The first three chapters best embodied what I mean when I tell friends that, more important to me when travelling is hanging out and participating in daily life, rather than seeing all of the sights. When asked by a classmate what things in Europe I had yet to see but, really wanted to I told him, “I threw away my checklist a long time ago.” I can gain as much from a few days around the apartment in Florence as I can on a weekend trip to Germany. Both are awesome adventures.
With this mindset even mundane things become exotic while travelling. My evening jog turns into a time for me to explore new neighborhoods, observe the locals in their routines and most importantly, be lured by the feeling of exoticism that comes with seeing the unknown. For the same reason I make it a point to wander. On the way home from school I will always delve into a new path or, when time is no issue, attempt to become lost. Ramble through the streets of Florence, turning toward whatever strikes me as interesting until eventually I find myself in a new place, without a sense of direction.

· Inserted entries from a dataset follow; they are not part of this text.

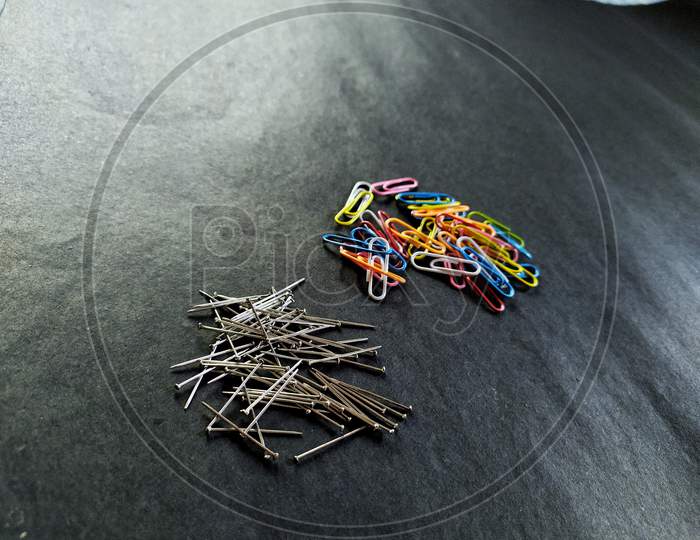 View of paperclip  and pin on black background.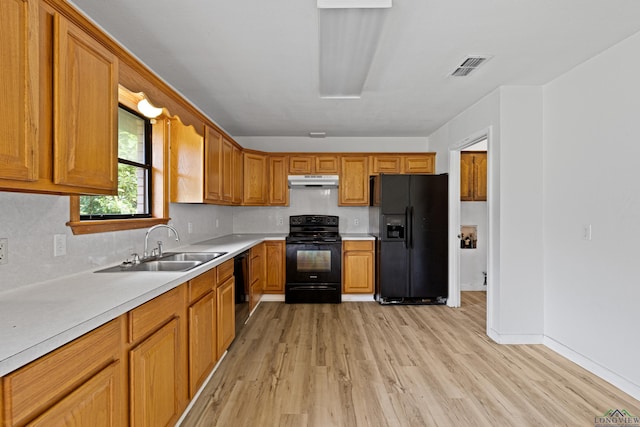 kitchen with black appliances, light wood-type flooring, sink, and tasteful backsplash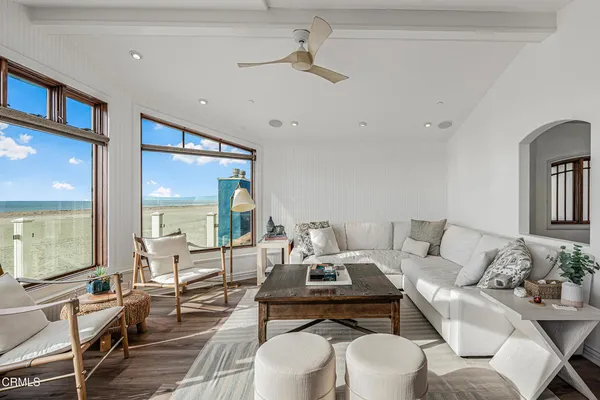 a living room with couches a dining table and with outer view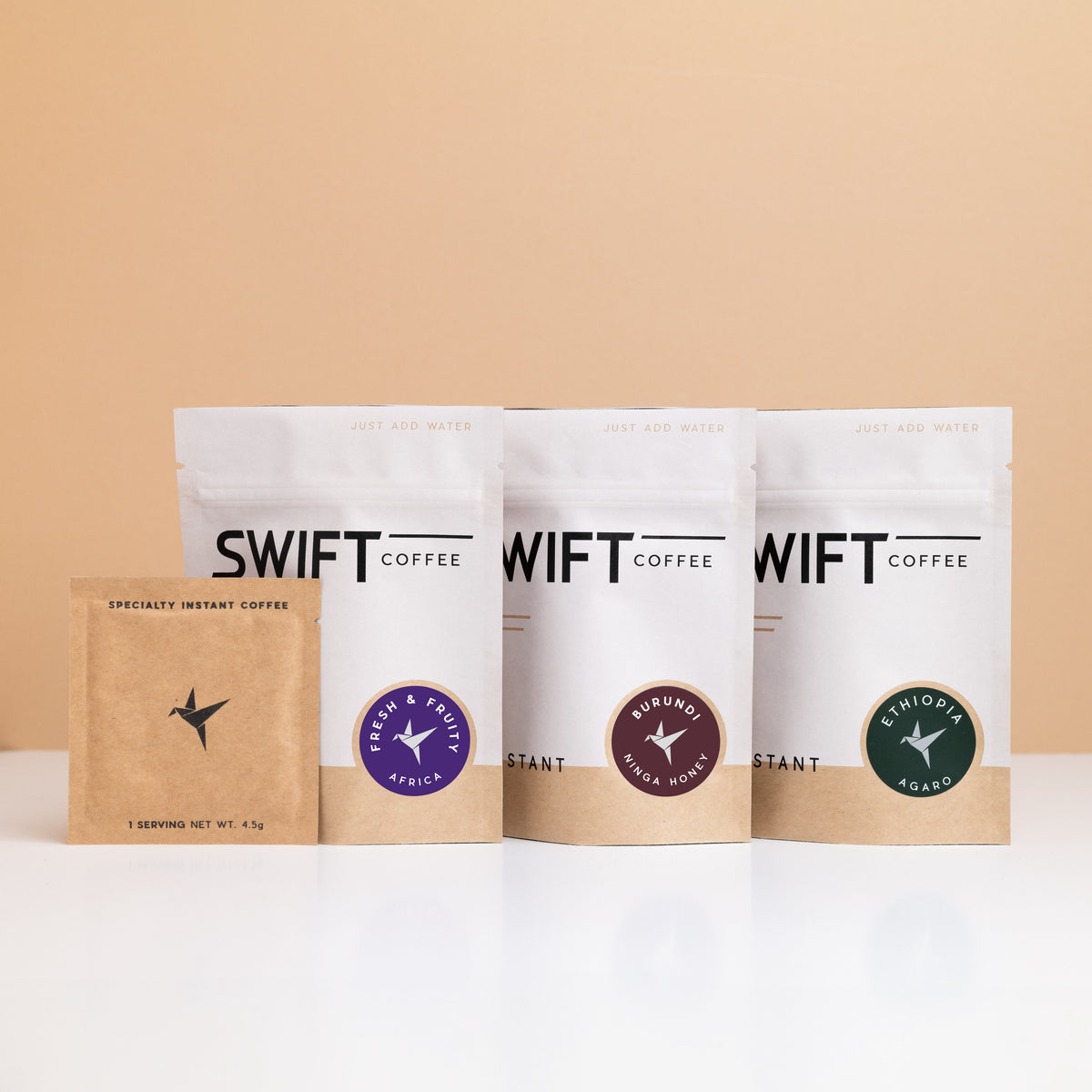 Three Swift Coffee pouches from the East Africa Trio with a kraft single-serve sachet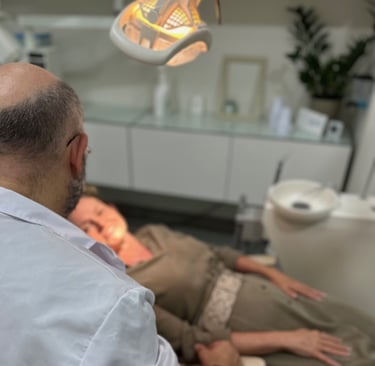 a man in a dentist's chair in a dental room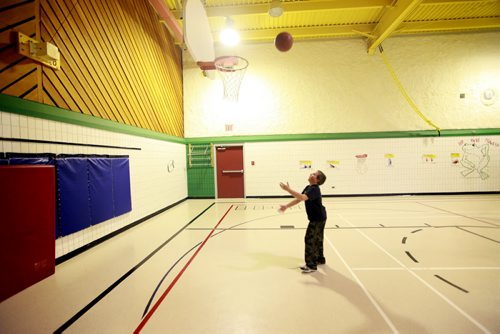 Reynolds School in the RM of Reynolds  a hour and a half east of Winnipeg has only 9 kids attending ithe school due to low enrollment. Students enjoy a full size gymnasium for only 7 students.  Devon Nazer -  9 yrs tries to get his ball in the basket during gym class.  See Nick Martin's story. Jan 16 2013, Ruth Bonneville  (Ruth Bonneville /  Winnipeg Free Press)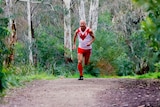 Stephen Giles running in his uniform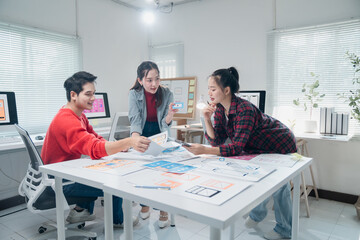 Three ui ux designers are working together on a mobile app interface wireframe design in a modern...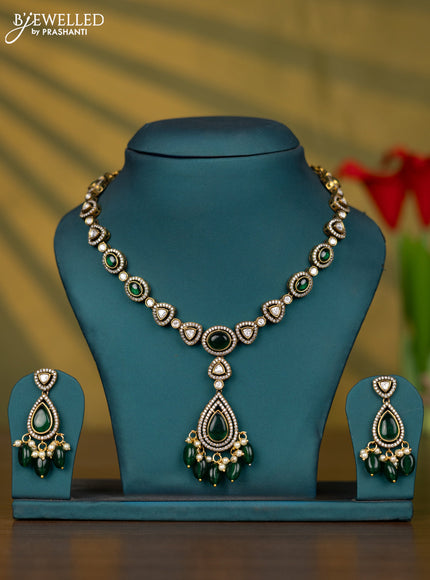 Necklace with emerald & kundan cz stones and pearl & green beads hangings in victorian finish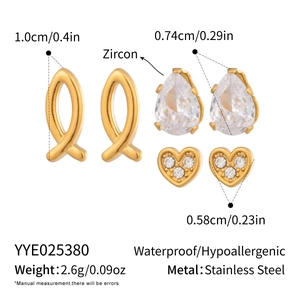 Detail view of 3-pair gold earring set with zircon fish, pear, and heart shape studs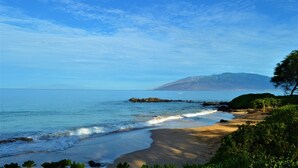 A beach with clear skies, calm waters, and distant mountains.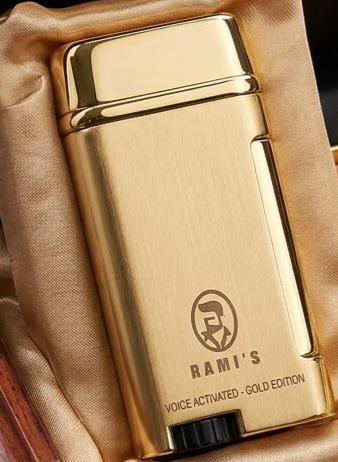 A premium brushed gold Rami's Accessories lighter nestled in a gold satin-lined gift box, featuring the official brand logo and "VOICE ACTIVATED - GOLD EDITION" engraving.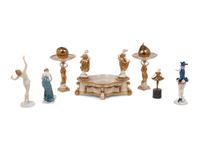 An Assortment of Porcelain and Bronze Figures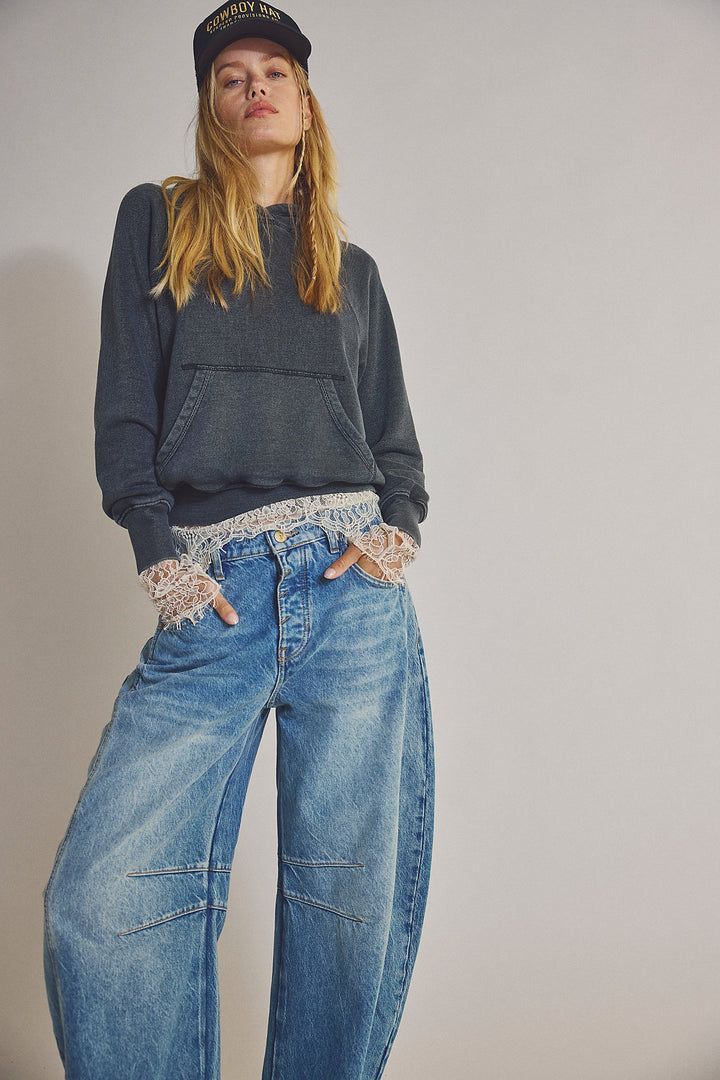 Person wearing a dark hoodie, lace gloves, and blue jeans against a plain background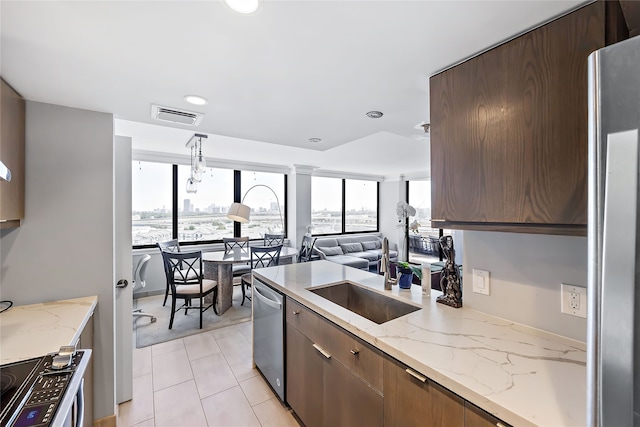 kitchen with a healthy amount of sunlight, stainless steel appliances, sink, and light tile flooring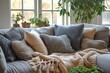 © Sunshine - Grey couch is covered in pillows and blanket, with potted plant in the background. Cozy and comfortable, relax and unwind
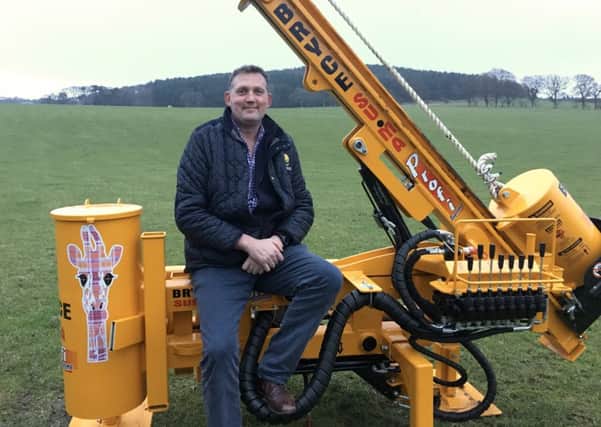 Doddie Weir with one of 175 lots being sold to raise funds for his charities, a Borders-made Bryce Suma post-driver.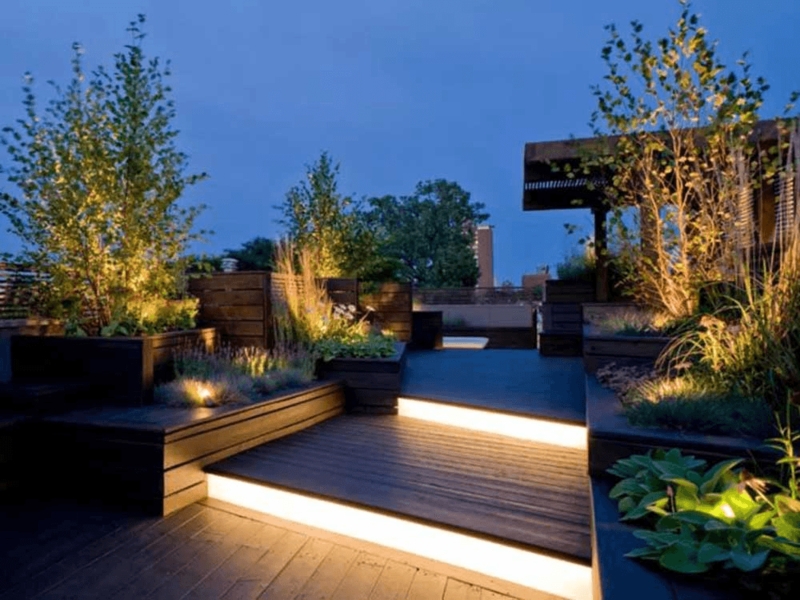 Rooftop Deck featuring Integrated Stair Lighting and Wood Planters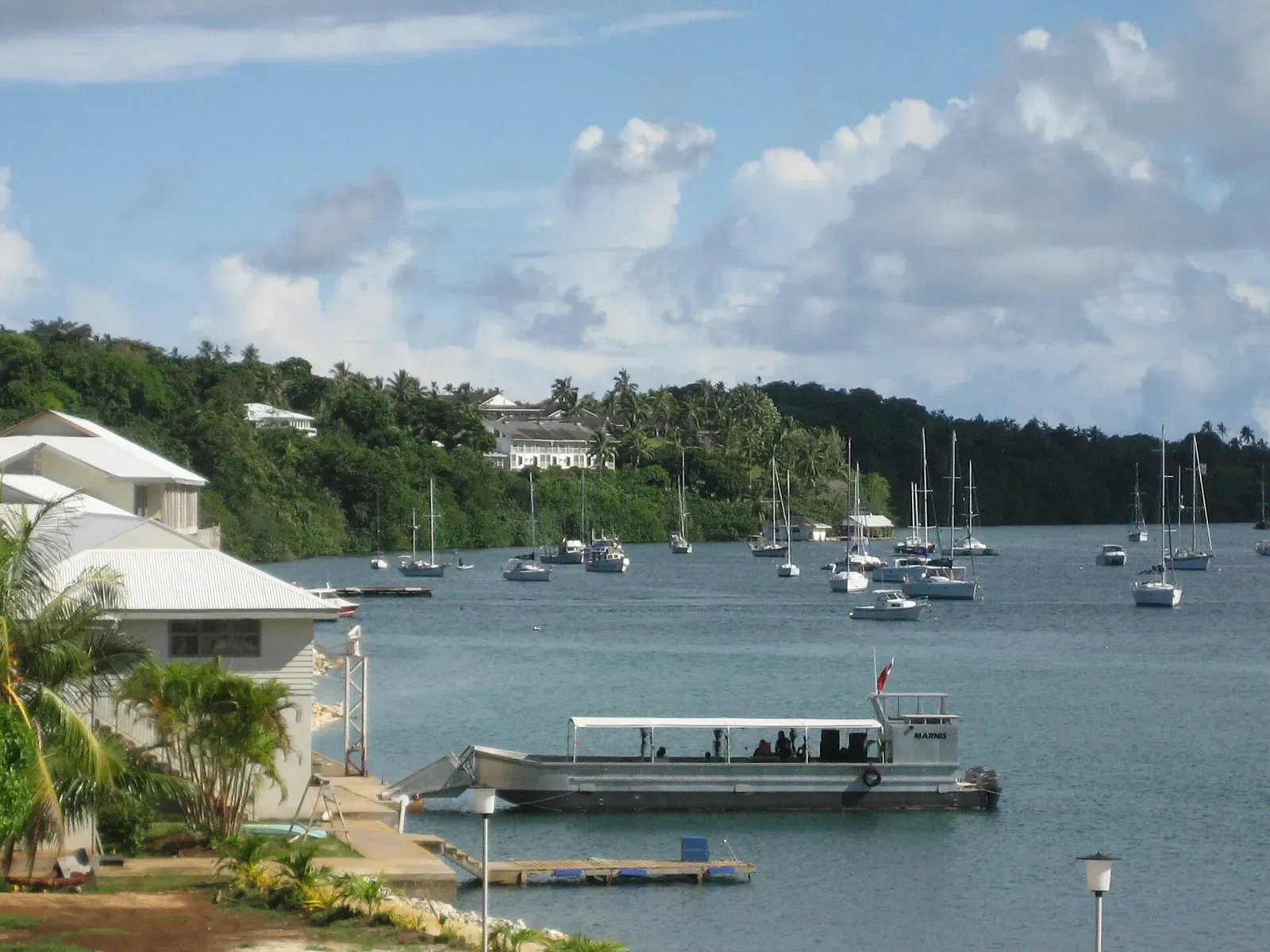 Dive boat docked at the Bounty Bar waterfront overlooking Neiafu harbour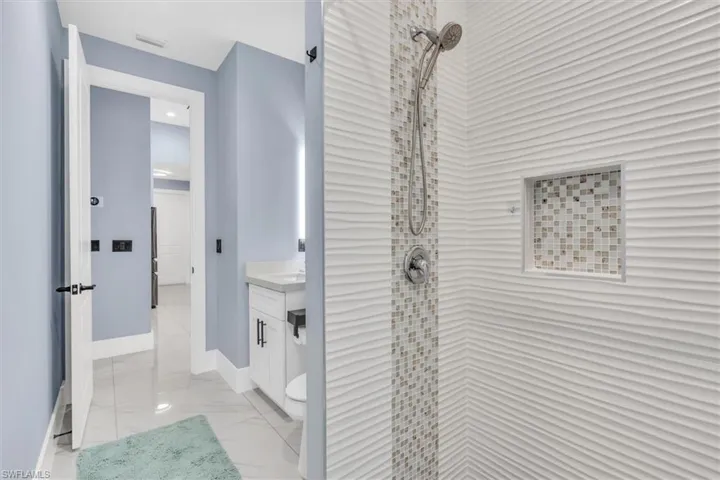 Bathroom featuring a tile shower, vanity, marble look tile flooring, and baseboards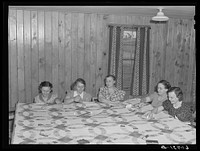 Members of the women's club making quilt. Granger Homesteads, Iowa. Sourced from the Library of Congress.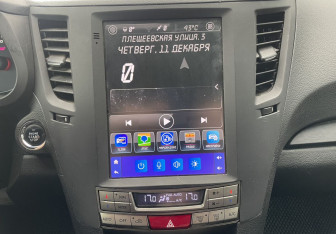 Подержанный автомобиль Subaru Legacy Wagon 2011 года (14 фото)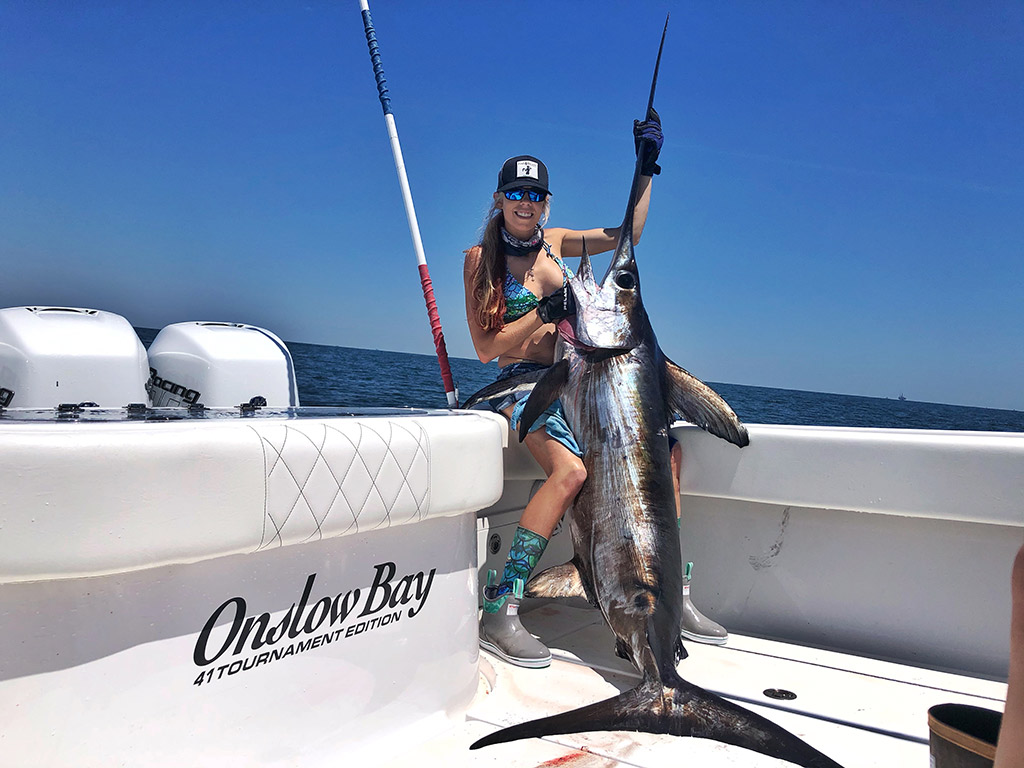 A female angler sitting on the side of a boat and holding a Swordfish which she caught on a Gulf of Mexico fishing trip out of Venice, LA.
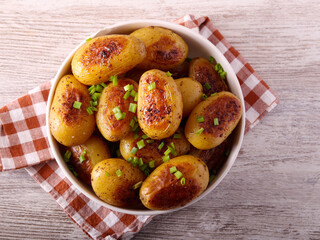 Spicy roast potatoes served
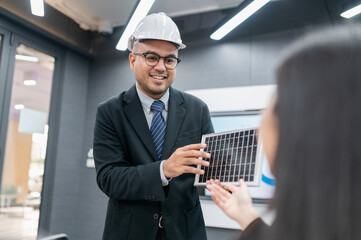 Male and female engineers discussing solar panel system in office with documents, laptops, sales...
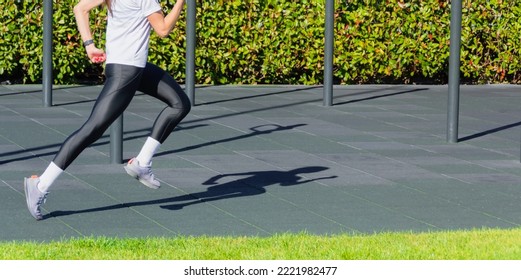 Running Girl In A Sports Uniform At A Training In The Park. Format Banner Header Wide Size, Place Sample Text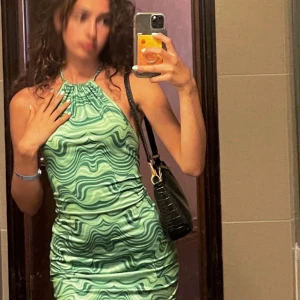 Grön mönstrad halterneckklänning - Säljer en snygg grön halterneckklänning med vågigt mönster i olika gröna nyanser. Klänningen är tight och kort.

Adventure is certainly a fuel of the exoticism we seek when travelling. Sometimes it is the result of being lost on tiny cobblestone streets in Florence, other times it comes from the cultural shock caused by the look of disgust from the barista when you ordered milk in your coffee after breakfast time. Experiencing the unknown in anyway is a form of exploration. Exploration that makes us intrinsically happy as we discover for ourselves.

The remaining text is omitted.